▸ **Task to carry out**
Your answer must be only the lines below from the one containing "ПСИЛОЦИБИНОВЫЕ ГРИБЫ Медногорск" through the one containing "Обои тигр, холод, морда, лапа, вода, дикая", copied exactly, with the pictures left out.

▸ **Provided records**

——————

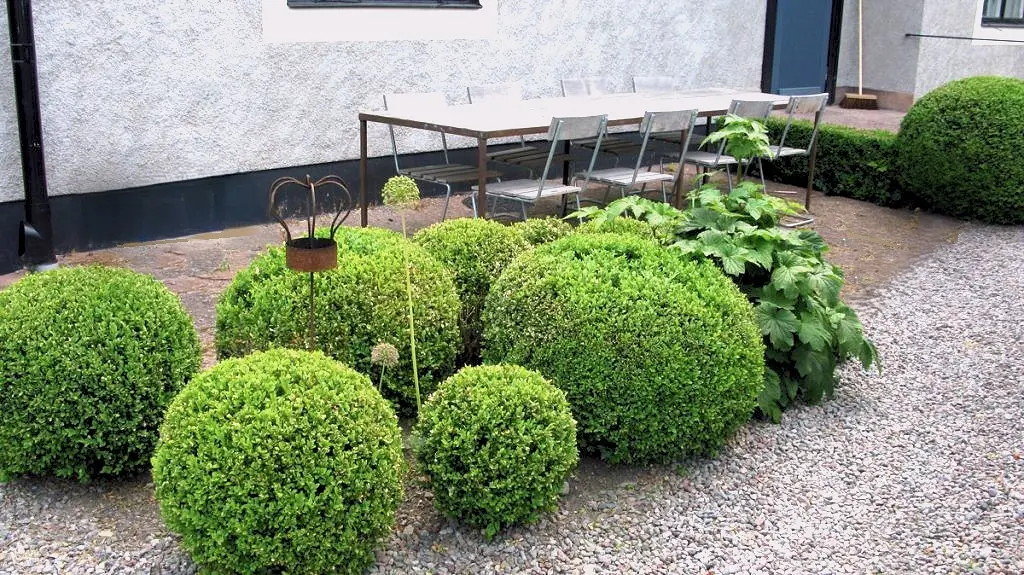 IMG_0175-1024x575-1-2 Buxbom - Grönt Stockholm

——————

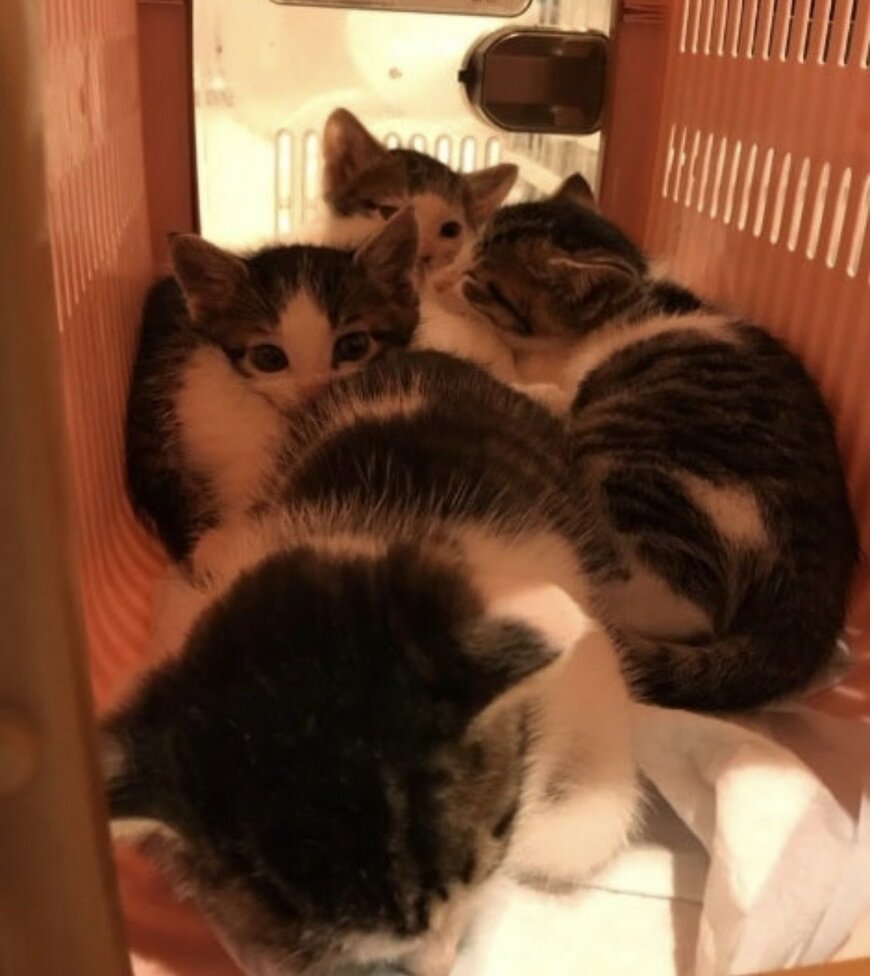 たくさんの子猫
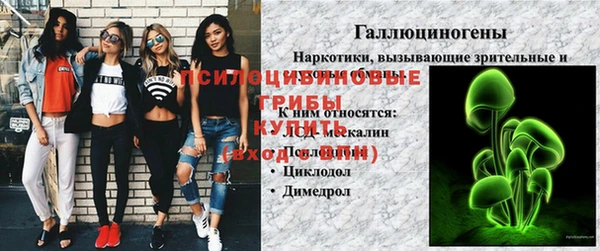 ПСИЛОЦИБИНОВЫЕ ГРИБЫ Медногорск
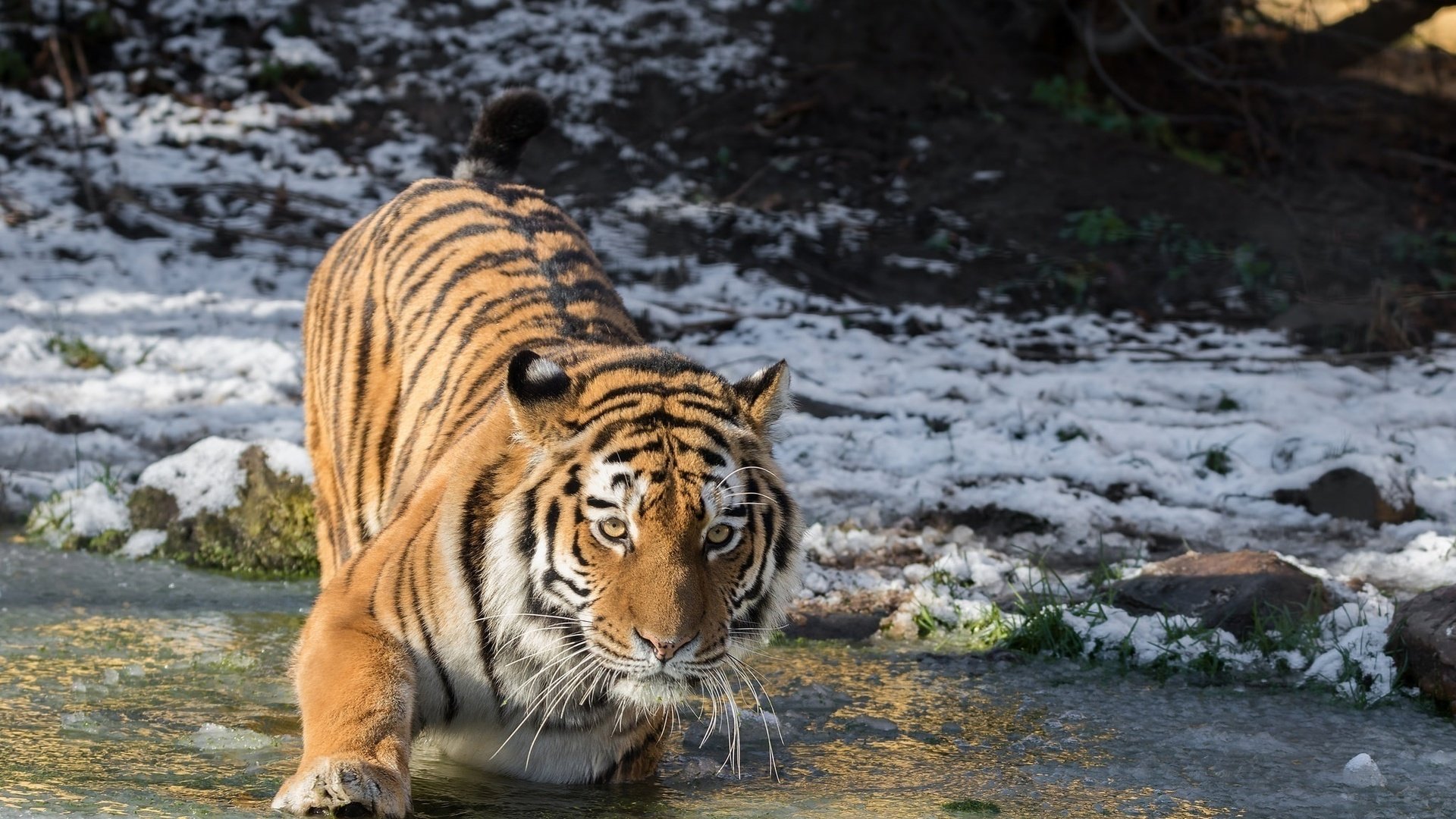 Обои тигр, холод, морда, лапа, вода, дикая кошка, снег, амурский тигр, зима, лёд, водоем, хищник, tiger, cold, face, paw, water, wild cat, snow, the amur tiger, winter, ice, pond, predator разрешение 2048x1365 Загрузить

——————

▸ **Exercise result**
 ПСИЛОЦИБИНОВЫЕ ГРИБЫ Медногорск
 Обои тигр, холод, морда, лапа, вода, дикая кошка, снег, амурский тигр, зима, лёд, водоем, хищник, tiger, cold, face, paw, water, wild cat, snow, the amur tiger, winter, ice, pond, predator разрешение 2048x1365 Загрузить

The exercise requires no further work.